The Bubble Boys Book

Over the past decade, there’s been a significant change in the relationship dynamic between our sporting heroes and the ticket paying public. Once revered, our elite athletes now carry the dual burdens of high expectation and public skepticism, the indifference fuelled by the perception of inflated salaries and less than perfect behavior.

Bubble Boys Front Cover Open the newspaper (or more likely, log on) enough days in a row, and you’re pretty well guaranteed to stumble across one of our sporting elite, engaged in some alcohol fuelled act of stupidity. If it’s not an alcohol related incident, it’s a sex scandal, or a drug scandal, or a betting scandal. And the anti-social behavior is made all the more offensive and newsworthy by the apparent repetition.

But where does the truth lie? Are the undesirable (at times illegal) actions of a very small minority simply tarnishing the reputation and standing of the vast majority? On the whole – who are our elite athletes? Arrogant, overindulged, over paid brats, living the dream, or hard working, gifted professionals, worthy of our respect, and the very good money they earn, albeit for a defined period?

The purpose of Bubble Boys is to better understand the “lot” of the professional sportsman. To take an in depth look into the trappings, the pressures, the responsibilities and of course the scrutiny – the fact from the first bounce or bowl of the ball, the first drive or first serve, our sportsman hand over their lives and virtually become public property.

It examines in detail the relationships they share with their many and varied stakeholders, starting with the paying public, but extending through to the administrators, the media, the corporate community, their peers (including the former greats), but most critically, their inner circle – the people they rely upon for direction and advice.

Just how hard is it to have that many masters?

To find out, I have canvassed a wide range of Australia’s highest sporting achievers (some just starting out, some recently retired, others approaching retirement). We learn of their experiences, and in the case of those who have “hung up boots” – the confronting transition into life after sport, when the cheering stops, the accolades cease, and they have to start a fresh – often at the very bottom.

Bubble Boys also explores the views and contributions of those on the periphery – the coaches, the career welfare managers, the player agents, the player associations, the corporate supporters, the media commentators, and of course their increasingly visible, increasingly voluble wives and girlfriends.

Finally, there is a section devoted to solutions – the skills, techniques and strategies that can help today’s professional athletes survive and thrive in this glare of the public spotlight, to build a “brand” likely to win the hearts and minds of the sporting public. Along the way, we defer to the “good guys” of Australian sport – those who have excelled at the highest level for an extended period without any compromise to their accessibility, approachability or humility.

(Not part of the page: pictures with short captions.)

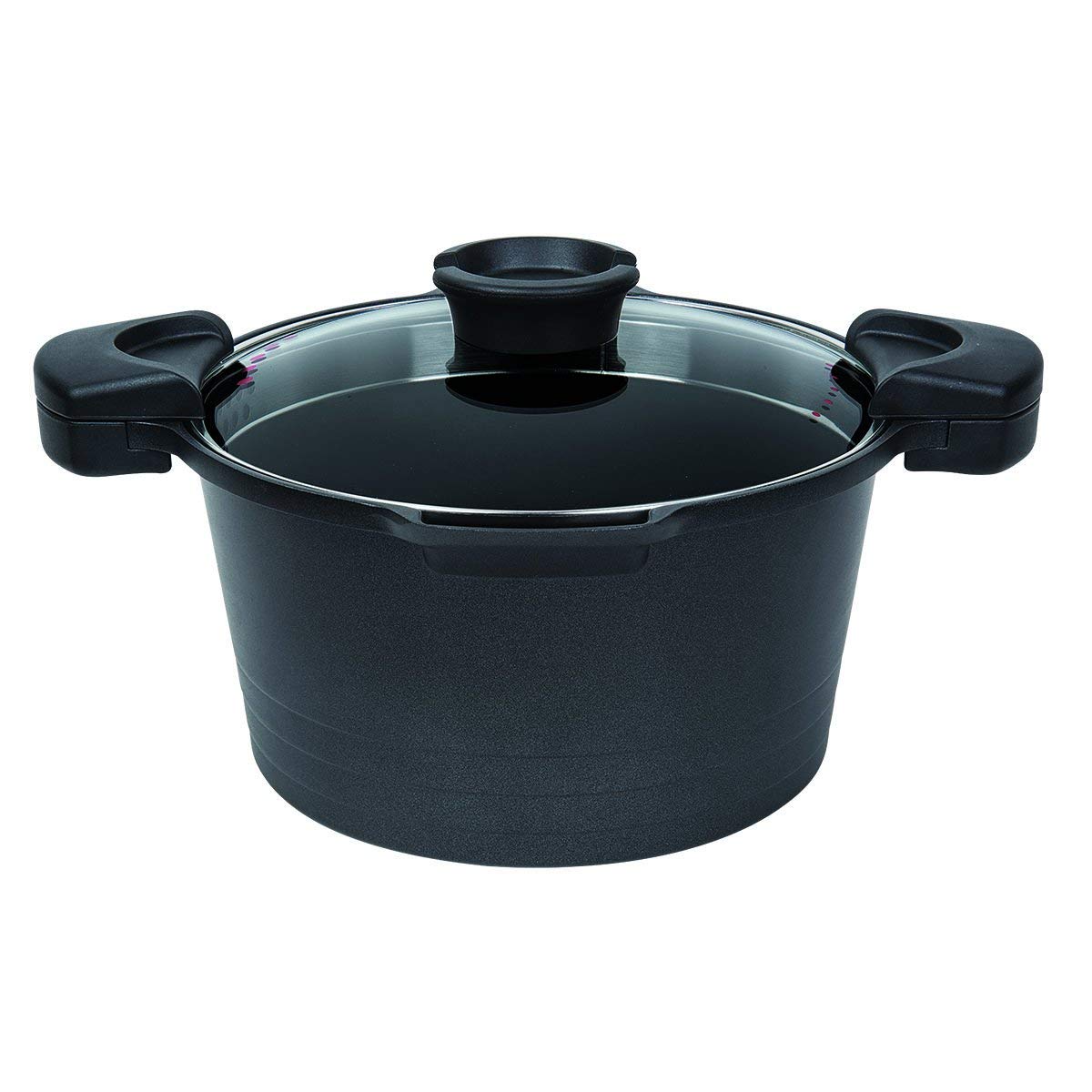 MasterPan Stock N’ Pasta Pot with Easy Pour Strainer and Glass Lid, 9", 23cm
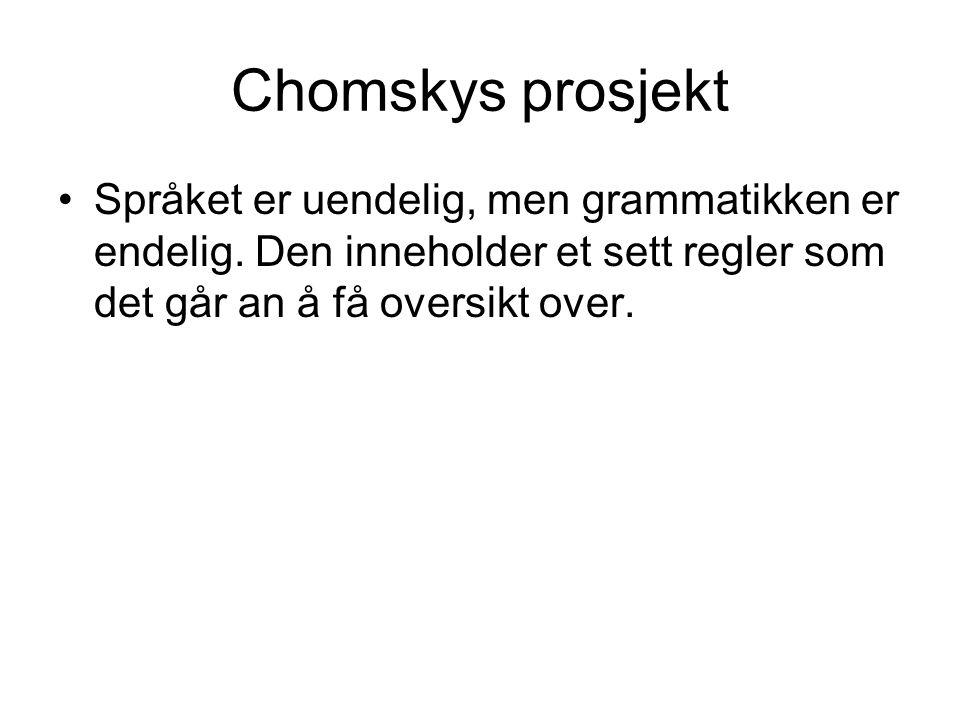 Chomskys prosjekt Språket er uendelig, men grammatikken er endelig.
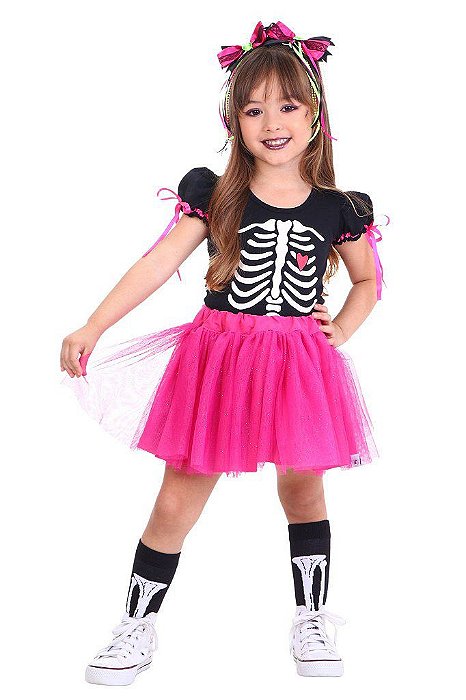 Fantasia Esqueleto Menina PINK - body e saia tutu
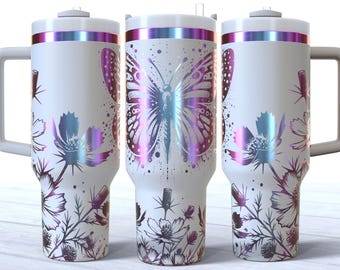 Vlinders en bloemen 40oz Tumbler Lasergraveerbestand, 40oz Quencher Butterfly Tumbler Wrap SVG- en PNG-bestand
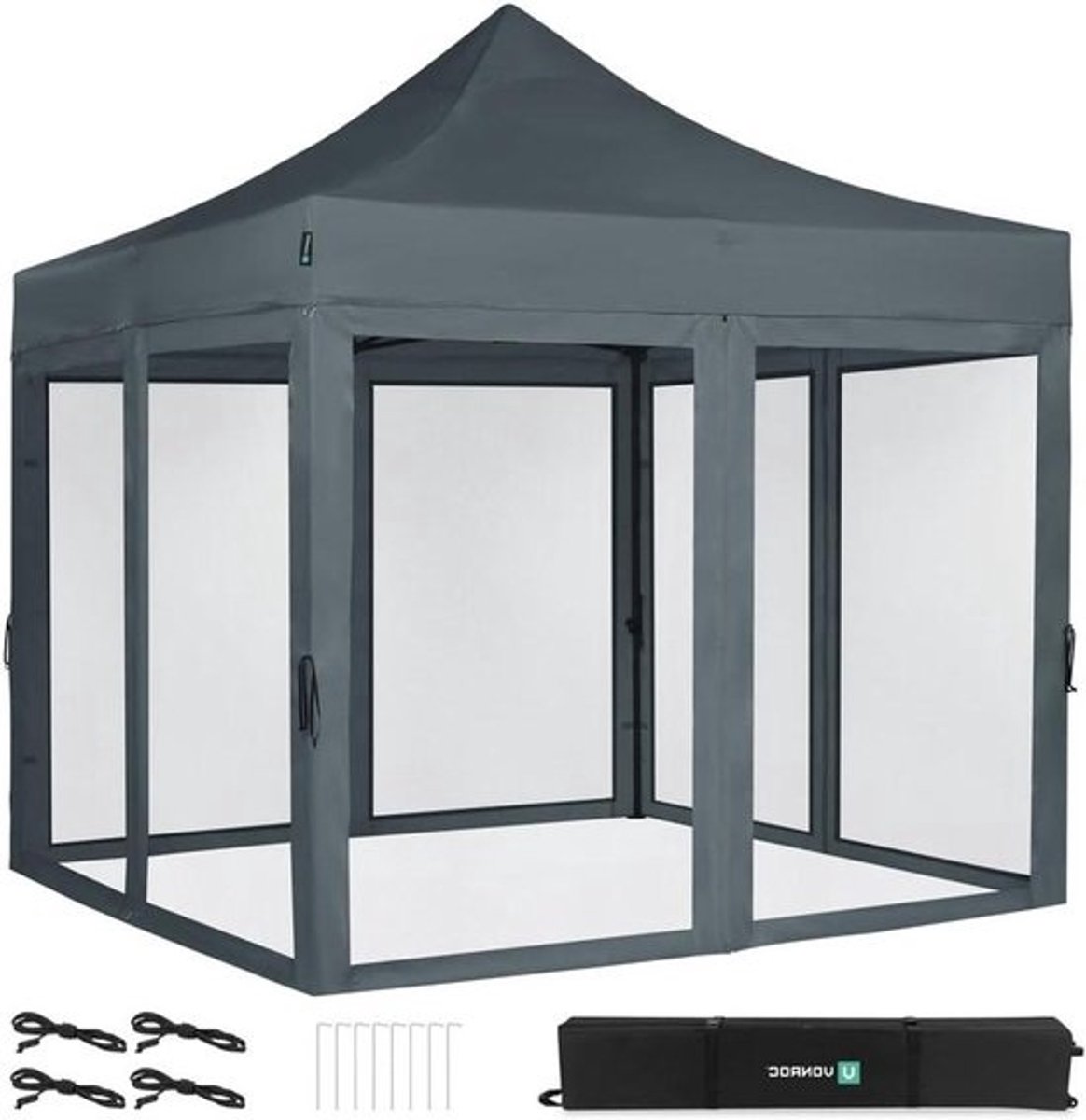 Partytent - Feestdak - Buitenfeesten organiseren - Easy-up systeem - 3x3 meter - Grijs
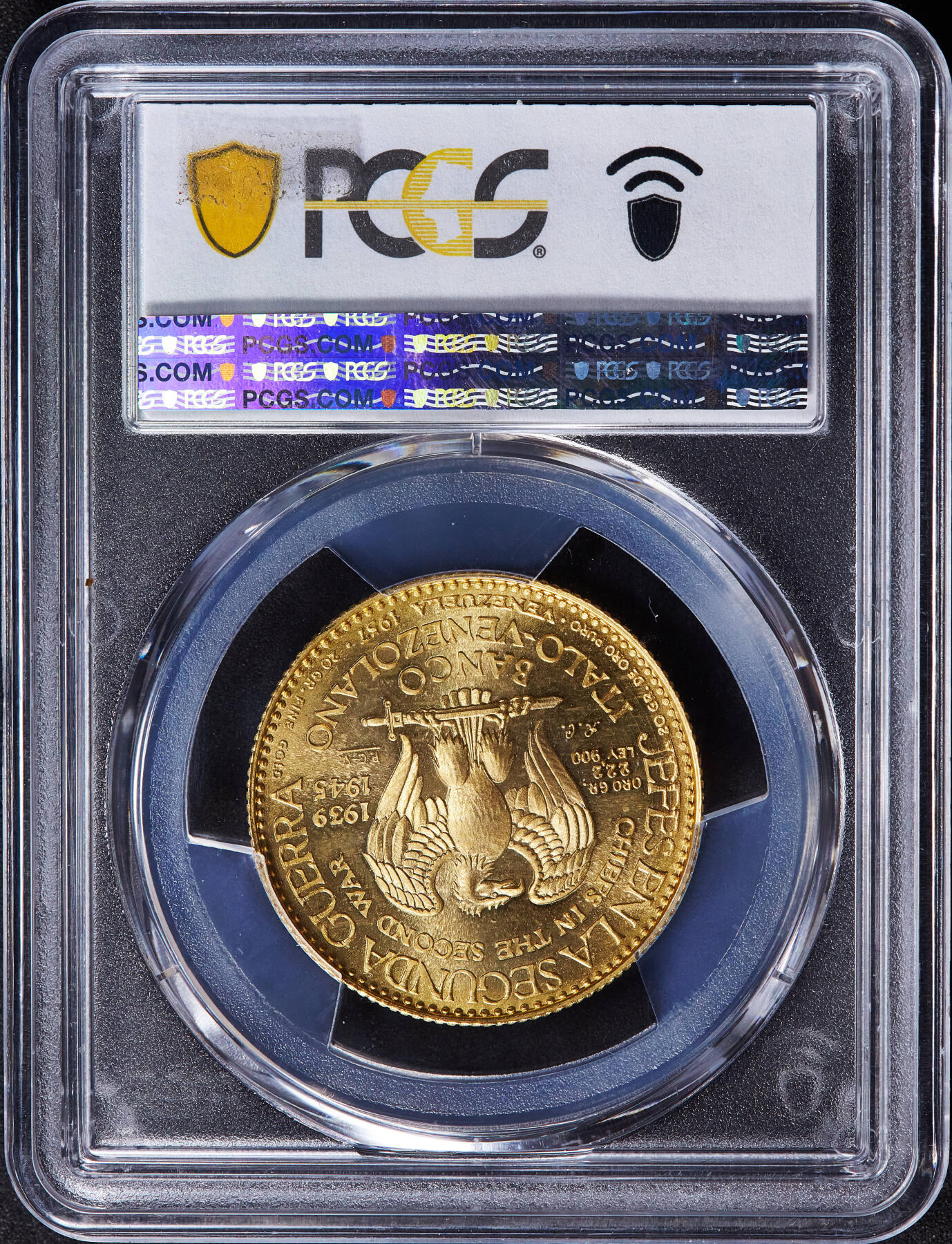 【俄甄集藏】“万象更新、马呈祥瑞”迎新春俄甄精品场-2026年(047)01-21 星期三 晚 19:30 全场包邮 委内瑞拉1957年二战领导人系列-德国总理60玻利瓦尔金币，PCGS MS67，重：22.22克，90%金，稀少品种，冠军分数，原图联系客服或前往对应官网进行查询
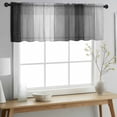 thumbnail image 2 of Black Gray Ombre Valance Curtains for Kitchen/Living Room/Bathroom/Bedroom Window, Rod Pocket Small Topper Half Short Window Curtains Voile Sheer Scarf, Vintage Country Wooden 42"x18", 2 of 8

As the title Bubble Boys suggests, this book is about blokes. The fact that I have deliberately focused on sportsmen should not in any way be construed as undermining the significance of women’s sport in this country.

The simple fact is most of the sport’s big pay packets, most of the scrutiny, most of the scorn, most of the adulation, and practically all the anti-social social stems from elite level males. Just like it does in the rest of the world.

The girls, whether they are wired differently, mature earlier, or simply don’t have the opportunity to play up – who knows. Maybe they do, and we don’t care enough to find out about it.

There is no perfect time to be writing a book of this nature. The world of sport is a movable feast. There’s every chance the day after publication, another athlete will gain unwarranted notoriety, come tumbling to earth with a deafening thud. If it’s not the day after, it will be the week after, or the month after.

It is not in the charter of Bubble Boys to name and shame, There are countless anecdotes where specific detail has been deliberately removed, or descriptions left broad, so as to protect the identity of the central figures. In a few instances, I have not even been told the identity of the “subject matter”, nor asked the question. Readers will be probably wonder who they are, some will hazard a guess, others may even go to the trouble of trying to work it out.

But in the overall context of the book, it’s not the “who” that is important – it’s the what and the why – the reason and rationale behind the behavior.

Readers will draw their own conclusions, but hopefully, by the time the final page has been turned, there will be some new perspective.

And the realization that like life itself, nothing is ever quite as good or quite as bad as it seems.